Città
del Vaticano, 16 dicembre 2013
(VIS). Il 13 dicembre scorso, presso l'Università Urbaniana di Roma,
l'Arcivescovo Dominique Mamberti, Segretario per i Rapporti con gli
Stati, ha tenuto un intervento introduttivo nel quadro di una
Conferenza promossa dalla Georgetown University di Washington, sul
tema: "Cristianità e libertà: prospettive storiche e
contemporanee".
"Il
concetto stesso di 'diritti umani' è sorto in un contesto
cristiano", ha affermato l'Arcivescovo Mamberti citando
l'esempio di San Tommaso Moro "il quale al prezzo della sua
stessa vita ha dimostrato che i cristiani sono proprio coloro che,
illuminati dalla ragione e in virtù della loro libertà di
coscienza, rigettano ogni sopraffazione".
"Il
legame tra cristianesimo e libertà è dunque - ha proseguito -
originario e profondo. Esso affonda le proprie radici
nell’insegnamento stesso di Cristo, trovando poi in san Paolo uno
dei suoi più strenui e geniali promotori.

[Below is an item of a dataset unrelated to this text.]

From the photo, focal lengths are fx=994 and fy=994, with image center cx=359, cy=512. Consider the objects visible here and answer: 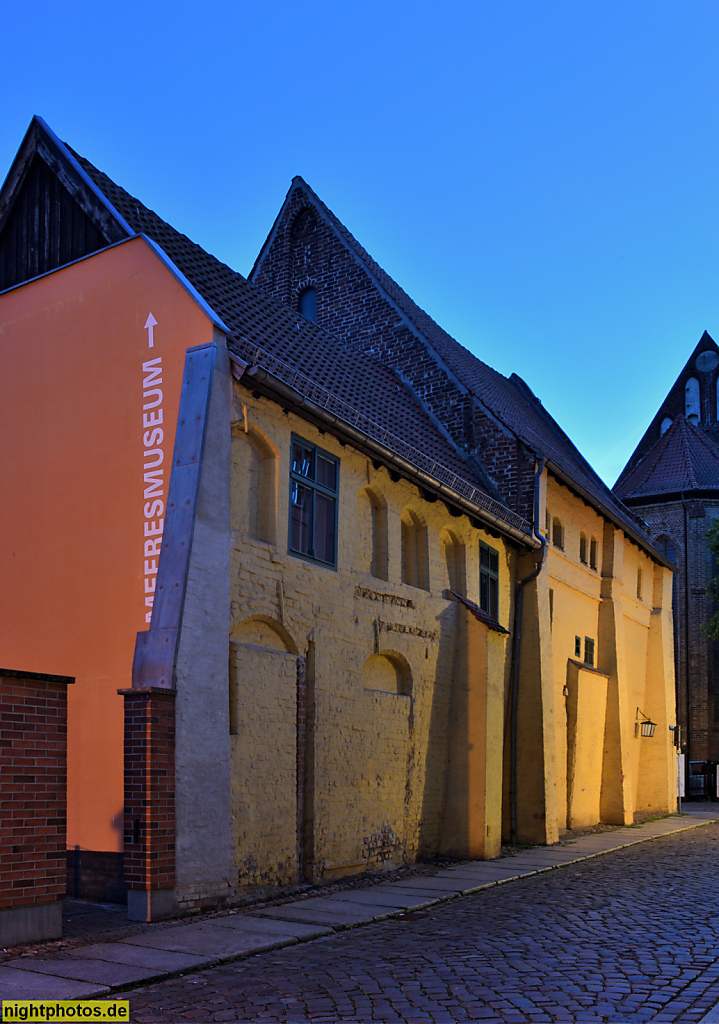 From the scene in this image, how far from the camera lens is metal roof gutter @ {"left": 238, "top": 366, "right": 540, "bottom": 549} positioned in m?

La libertà è intrinseca
al cristianesimo, poiché, come dice Paolo, 'Cristo ci ha liberati
perché restassimo liberi'. L'’Apostolo si riferisce primariamente
alla libertà interiore del cristiano, ma tale libertà interiore ha
naturalmente anche delle conseguenze sociali".
"Quest’anno
ricorre il mille settecentesimo anniversario dell’Editto di Milano,
che segna il coronamento dell’espandersi sociale della libertà
interiore affermata da san Paolo. In pari tempo, dal punto di vista
storico e culturale, l’Editto - ha ricordato l'Arcivescovo Mamberti
- segna l’inizio di un cammino che ha caratterizzato la storia
europea e del mondo intero e che ha portato lungo i secoli alla
definizione dei diritti umani e all’affermazione della libertà
religiosa quale 'primo dei diritti umani'".
Se
Costantino intuì che lo sviluppo dell’Impero dipendeva dalla
possibilità per ciascuno di professare liberamente la propria fede
"la storia dimostra che vi è un circolo virtuoso fra l’apertura
al trascendente caratteristica dell’animo umano e lo sviluppo
sociale. Basti considerare il patrimonio artistico mondiale, e non
solo quello di matrice cristiana, per comprendere la bontà di tale
nesso. (...) A questo punto occorre, però, fugare un equivoco nel
quale è facile incorrere, poiché la parola 'libertà' può essere
interpretata in molti modi. Essa non può essere ridotta al mero
libero arbitrio, né intesa negativamente quale assenza di legami,
come purtroppo accade nella cultura di oggigiorno. (...) Il corretto
esercizio della libertà religiosa non può prescindere dalla mutua
interazione di ragione e fede (...) Ciò costituisce allo stesso
tempo l’argine contro il relativismo, come pure contro quelle forme
di fondamentalismo religioso, che vedono, esattamente come il
relativismo, nella libertà religiosa una minaccia per la propria
affermazione ideologica".
"Quando
il Concilio Vaticano II ha affermato il principio della libertà
religiosa - ha ricordato infine l'Arcivescovo Mamberti - non ha
proposto una dottrina nuova. Al contrario, ha ribadito una comune
esperienza umana, ossia che 'tutti (…), in quanto persone, dotate
cioè di ragione e di libera volontà e perciò investiti di
personale responsabilità, sono dalla loro stessa natura (…) tenuti
a cercare la verità'. (...) È nella verità vista non tanto quanto
assoluto che già possediamo, quanto piuttosto come possibile oggetto
di conoscenza razionale e relazionale che troviamo la possibilità di
un sano esercizio della libertà. Ed è proprio in tale nesso che
troviamo l’autentica dignità della persona umana".